I looked across at her. I was on my fourth San Miguel of the day. The light in her eyes was beginning to hurt mine.

‘Couldn’t you just get a job nursing?’ I said wearily. ‘In Gerona or Figueras, maybe. Couldn’t we just buy a bar that I could run? That we could both run?’

She looked at me. Now the brightness of her eyes had turned into lasers, cutting me open. ‘Sure we could do that, Oz. I could go out every day and force myself to do a job I swore I’d never do again. Then I could come home at night — or worse still, be there all day — to watch you sat on your barstool, pontificating and turning into a replica of that arsehole Trevor.

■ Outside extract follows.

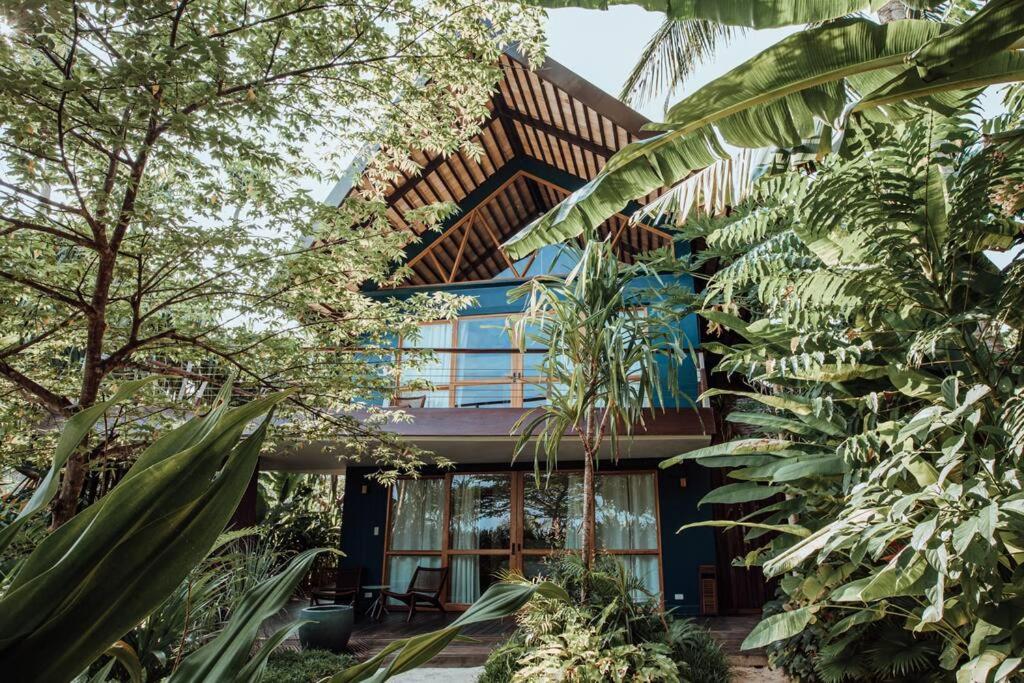 Maison Bukana - King Suite General Luna  Exterior photo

‘You said it all really: “Couldn’t we just …”’ She twisted the word like a knife. ‘You meant find something, anything, to occupy our time. Well, you can become a cabbage if you like, Oz, but I won’t stick around to watch. If we’re going to stay here long-term, and I’d like to, we have to get a life that makes the most of our strengths, rather than indulges our weaknesses. Laziness is an easy vice to pick up. I can see it taking hold of you, and I can feel it growing in me.’

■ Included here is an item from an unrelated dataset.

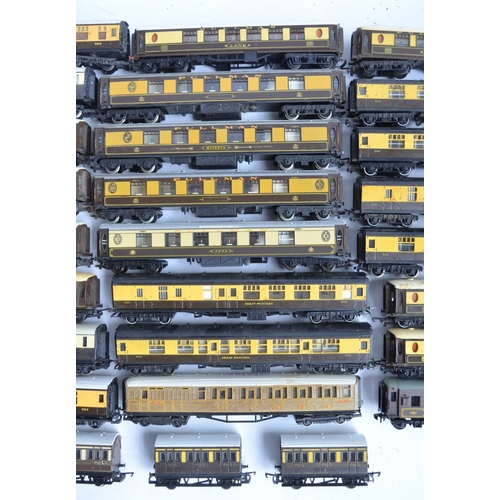 147 - Collection of previously run unboxed OO gauge passenger coaches to include Hornby, Tri-ang and Hornb...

I finished my San Miguel in a single swallow, took another from the ice bucket, twisted off the top, and stared across at her, unsmiling. Temper tantrums were strangers to me. I had a feeling that I was about to say something very bad, something about once a nurse always a sergeant major, something about not trying to run my fucking life. It didn’t occur to me for a second to look for a funny line to divert her with laughter. It didn’t even occur to me that I might have looked a wee bit ridiculous, lying there naked and quivering with petulance.

I took another swig of beer, then a deep breath, as if I was fuelling the tirade to come.